Kmmd. I have no partner during this, he misplaced himself, by ditching. He didn't come to the hospital, but called me every day, was here three days before my mx, but didn't come see me until January (my surgery was Nov. 17th). We fought on the phone almost every day--this man hadn't raised his voice to me in 14 years--once I got diagnosed he yelled at me all the time. It has been very hard, but I had to realize that he was too terrified to deal with it. We still talk, but don't see each other. I needed him to be there and he wasn't. I hope for a stronger man in my future.

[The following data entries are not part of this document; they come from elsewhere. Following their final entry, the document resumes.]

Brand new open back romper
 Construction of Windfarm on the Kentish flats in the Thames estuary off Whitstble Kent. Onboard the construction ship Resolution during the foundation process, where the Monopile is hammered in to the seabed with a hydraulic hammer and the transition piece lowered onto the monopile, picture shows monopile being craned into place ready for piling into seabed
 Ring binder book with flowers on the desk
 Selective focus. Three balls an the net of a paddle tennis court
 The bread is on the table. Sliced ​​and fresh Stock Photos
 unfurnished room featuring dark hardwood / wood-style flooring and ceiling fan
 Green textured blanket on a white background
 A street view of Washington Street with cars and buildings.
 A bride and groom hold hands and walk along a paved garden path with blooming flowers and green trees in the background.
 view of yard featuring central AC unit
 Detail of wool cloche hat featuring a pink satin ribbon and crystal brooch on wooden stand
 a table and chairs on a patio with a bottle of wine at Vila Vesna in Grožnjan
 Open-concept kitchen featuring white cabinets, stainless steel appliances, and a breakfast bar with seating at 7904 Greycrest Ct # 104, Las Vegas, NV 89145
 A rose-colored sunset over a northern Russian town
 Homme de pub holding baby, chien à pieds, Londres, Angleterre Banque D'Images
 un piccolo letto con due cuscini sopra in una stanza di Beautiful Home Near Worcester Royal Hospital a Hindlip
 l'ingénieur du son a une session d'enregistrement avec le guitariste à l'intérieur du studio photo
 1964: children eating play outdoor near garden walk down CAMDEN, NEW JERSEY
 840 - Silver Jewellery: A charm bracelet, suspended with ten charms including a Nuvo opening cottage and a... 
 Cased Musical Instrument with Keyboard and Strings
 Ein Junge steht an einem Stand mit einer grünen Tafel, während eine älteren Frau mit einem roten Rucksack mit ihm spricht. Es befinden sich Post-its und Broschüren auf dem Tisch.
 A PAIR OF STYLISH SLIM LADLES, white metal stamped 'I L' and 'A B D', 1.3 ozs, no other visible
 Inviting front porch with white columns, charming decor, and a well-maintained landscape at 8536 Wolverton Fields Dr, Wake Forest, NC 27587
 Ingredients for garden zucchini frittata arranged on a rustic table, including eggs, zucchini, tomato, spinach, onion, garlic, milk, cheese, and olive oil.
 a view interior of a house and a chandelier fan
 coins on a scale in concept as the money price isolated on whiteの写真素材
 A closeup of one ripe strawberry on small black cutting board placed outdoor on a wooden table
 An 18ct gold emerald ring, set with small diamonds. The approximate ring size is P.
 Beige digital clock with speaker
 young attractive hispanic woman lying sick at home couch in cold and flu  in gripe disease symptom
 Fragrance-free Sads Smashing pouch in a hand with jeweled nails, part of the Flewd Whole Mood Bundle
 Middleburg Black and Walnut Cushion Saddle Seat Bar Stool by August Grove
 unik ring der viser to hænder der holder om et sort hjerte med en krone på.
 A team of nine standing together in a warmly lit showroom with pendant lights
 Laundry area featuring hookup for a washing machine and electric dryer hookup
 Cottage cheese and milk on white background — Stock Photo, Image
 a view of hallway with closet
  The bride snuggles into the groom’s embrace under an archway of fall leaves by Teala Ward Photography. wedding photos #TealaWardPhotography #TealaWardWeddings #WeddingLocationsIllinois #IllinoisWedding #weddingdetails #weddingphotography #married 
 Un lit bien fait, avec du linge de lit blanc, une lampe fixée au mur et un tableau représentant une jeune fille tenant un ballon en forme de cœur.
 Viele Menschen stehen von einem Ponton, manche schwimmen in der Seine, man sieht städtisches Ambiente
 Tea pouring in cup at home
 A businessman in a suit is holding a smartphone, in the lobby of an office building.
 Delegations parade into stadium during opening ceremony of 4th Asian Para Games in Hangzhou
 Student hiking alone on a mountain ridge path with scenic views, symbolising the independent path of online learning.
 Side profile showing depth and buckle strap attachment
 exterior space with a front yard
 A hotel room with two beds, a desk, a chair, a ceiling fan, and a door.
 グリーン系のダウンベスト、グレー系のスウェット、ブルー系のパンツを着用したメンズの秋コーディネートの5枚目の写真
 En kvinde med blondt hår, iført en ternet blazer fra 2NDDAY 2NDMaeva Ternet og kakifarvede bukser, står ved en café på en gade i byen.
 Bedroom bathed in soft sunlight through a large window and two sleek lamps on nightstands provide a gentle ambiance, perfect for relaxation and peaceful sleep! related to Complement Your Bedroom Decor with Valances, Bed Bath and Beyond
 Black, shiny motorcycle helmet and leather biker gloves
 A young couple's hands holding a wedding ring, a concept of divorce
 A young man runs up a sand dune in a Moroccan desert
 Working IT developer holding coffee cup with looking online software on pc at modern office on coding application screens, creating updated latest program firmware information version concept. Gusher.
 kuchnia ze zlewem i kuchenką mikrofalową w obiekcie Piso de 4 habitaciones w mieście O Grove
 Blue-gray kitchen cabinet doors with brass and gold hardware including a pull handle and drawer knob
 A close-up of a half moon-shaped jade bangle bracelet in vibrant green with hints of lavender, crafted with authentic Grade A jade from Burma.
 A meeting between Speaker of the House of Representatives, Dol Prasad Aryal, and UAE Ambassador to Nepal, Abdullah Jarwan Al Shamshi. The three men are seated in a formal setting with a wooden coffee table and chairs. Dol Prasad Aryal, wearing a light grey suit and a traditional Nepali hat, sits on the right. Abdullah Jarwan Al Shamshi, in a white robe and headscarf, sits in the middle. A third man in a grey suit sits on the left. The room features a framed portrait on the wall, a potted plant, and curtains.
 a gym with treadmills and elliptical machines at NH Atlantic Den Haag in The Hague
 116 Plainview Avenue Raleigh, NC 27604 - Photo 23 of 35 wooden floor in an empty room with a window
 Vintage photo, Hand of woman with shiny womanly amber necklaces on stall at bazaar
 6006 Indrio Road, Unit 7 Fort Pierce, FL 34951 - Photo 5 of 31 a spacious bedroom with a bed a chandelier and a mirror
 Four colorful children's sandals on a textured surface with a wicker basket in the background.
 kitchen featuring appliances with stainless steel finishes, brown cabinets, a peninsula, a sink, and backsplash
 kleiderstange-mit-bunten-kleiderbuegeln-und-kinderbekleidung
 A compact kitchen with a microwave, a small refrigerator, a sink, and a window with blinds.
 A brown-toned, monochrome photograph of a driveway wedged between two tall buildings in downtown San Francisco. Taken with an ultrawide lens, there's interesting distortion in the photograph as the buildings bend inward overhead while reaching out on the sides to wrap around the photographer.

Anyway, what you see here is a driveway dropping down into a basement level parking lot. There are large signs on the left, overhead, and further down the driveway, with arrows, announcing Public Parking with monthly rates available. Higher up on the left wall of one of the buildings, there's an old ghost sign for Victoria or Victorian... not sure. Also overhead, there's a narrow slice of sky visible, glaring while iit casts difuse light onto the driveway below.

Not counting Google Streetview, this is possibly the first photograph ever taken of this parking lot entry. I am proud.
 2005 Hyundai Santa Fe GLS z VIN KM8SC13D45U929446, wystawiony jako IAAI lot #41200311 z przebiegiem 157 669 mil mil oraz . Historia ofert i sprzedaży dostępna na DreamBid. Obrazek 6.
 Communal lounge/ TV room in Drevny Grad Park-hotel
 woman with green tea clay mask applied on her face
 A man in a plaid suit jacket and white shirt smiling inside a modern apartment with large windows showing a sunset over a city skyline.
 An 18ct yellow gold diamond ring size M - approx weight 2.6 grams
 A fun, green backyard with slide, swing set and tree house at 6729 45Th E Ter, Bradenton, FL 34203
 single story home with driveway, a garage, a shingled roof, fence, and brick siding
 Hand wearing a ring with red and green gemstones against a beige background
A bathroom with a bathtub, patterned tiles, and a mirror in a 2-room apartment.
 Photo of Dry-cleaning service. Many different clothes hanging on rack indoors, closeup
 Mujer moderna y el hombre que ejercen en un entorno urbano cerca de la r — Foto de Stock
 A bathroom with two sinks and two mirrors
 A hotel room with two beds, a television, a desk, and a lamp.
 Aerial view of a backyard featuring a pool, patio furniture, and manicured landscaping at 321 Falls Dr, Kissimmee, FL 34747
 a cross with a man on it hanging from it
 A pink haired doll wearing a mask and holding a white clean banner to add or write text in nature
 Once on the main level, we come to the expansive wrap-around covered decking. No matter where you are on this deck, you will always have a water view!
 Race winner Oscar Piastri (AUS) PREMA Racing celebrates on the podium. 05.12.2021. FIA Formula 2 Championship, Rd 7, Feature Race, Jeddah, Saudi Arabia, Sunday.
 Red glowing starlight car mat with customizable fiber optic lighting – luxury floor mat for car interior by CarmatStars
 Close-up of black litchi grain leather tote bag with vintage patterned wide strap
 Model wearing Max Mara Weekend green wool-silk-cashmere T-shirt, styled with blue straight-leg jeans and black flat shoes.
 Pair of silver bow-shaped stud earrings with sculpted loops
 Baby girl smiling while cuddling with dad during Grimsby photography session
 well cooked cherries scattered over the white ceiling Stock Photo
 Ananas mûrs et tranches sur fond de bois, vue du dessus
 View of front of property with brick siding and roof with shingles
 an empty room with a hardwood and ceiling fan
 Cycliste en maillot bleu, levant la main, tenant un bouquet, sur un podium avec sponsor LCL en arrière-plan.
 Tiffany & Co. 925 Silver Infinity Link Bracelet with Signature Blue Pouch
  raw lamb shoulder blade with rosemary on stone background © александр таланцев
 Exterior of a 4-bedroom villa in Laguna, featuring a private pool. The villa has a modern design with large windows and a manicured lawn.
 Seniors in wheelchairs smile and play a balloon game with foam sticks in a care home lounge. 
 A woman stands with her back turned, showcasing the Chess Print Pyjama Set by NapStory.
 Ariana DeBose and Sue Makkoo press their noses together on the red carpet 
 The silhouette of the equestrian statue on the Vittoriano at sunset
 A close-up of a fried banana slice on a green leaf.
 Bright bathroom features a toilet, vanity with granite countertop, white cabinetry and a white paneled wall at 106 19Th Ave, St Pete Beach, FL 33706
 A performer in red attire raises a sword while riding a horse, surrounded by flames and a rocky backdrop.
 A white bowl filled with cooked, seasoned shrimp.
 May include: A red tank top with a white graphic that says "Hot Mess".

What is my point? Everyone has a different threshold, this guy didn't want to see me until I didn't look wrung out. Your DH has been by your side--even if he didn't know what to do for you. All the males in our lives are probably at a complete loss as to what to do. They barely understand us on a day to day basis. I'm sorry that you and your DH are frosty right now, but I'm sure you are doing the best you can, and that he is doing that as well. Sometimes we just don't meet up with our intentions and it may be best to find kindness in your heart towards yourself, you may not recognize yourself, but you are in there. You've come this far, so you must be courageous. I can't speak for him, but I bet he loves you a whole bunch and has found it hard and scary to watch all the things you've endured. Most men don't know how to explain the feelings generated by crisis. I hope that gentle conversations will help you to each understand where the other is coming from, and soon it will be spring in your house.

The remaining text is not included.